[What to work on]: From the line containing "[HuaYang花漾写真] 2020.08.28 VOL.279" to the last line of the listing, transcribe exactly and add nothing else; keep both ends and omit pictures.

(Beginning of Supplied material)

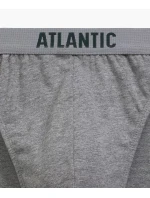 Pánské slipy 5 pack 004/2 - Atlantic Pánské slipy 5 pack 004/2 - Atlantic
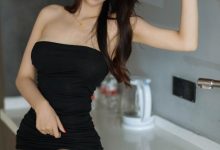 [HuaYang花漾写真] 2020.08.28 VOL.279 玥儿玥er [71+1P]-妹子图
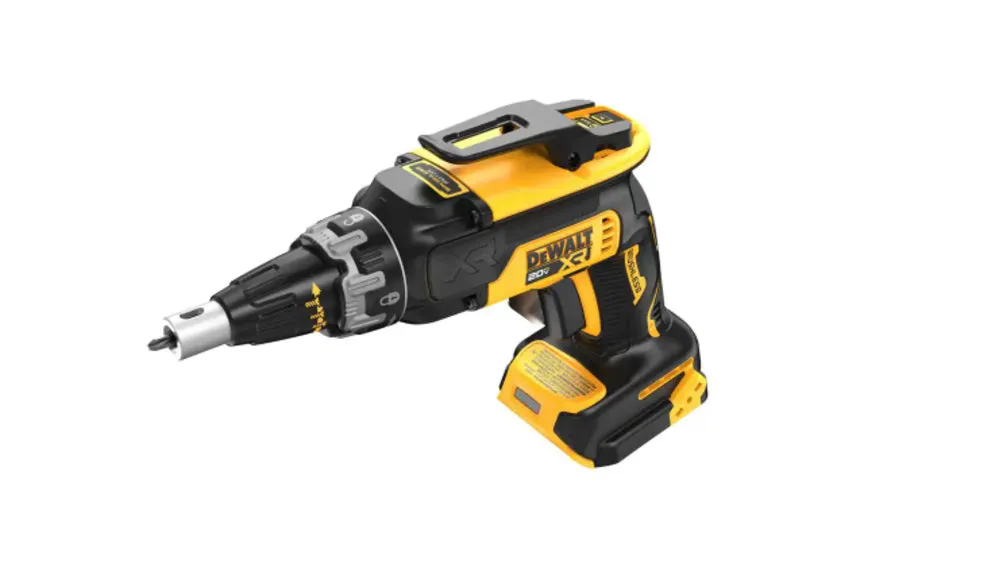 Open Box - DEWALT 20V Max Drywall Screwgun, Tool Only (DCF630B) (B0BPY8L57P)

(End of Supplied material)

[Response area]:
 [HuaYang花漾写真] 2020.08.28 VOL.279 玥儿玥er [71+1P]-妹子图
 Open Box - DEWALT 20V Max Drywall Screwgun, Tool Only (DCF630B) (B0BPY8L57P)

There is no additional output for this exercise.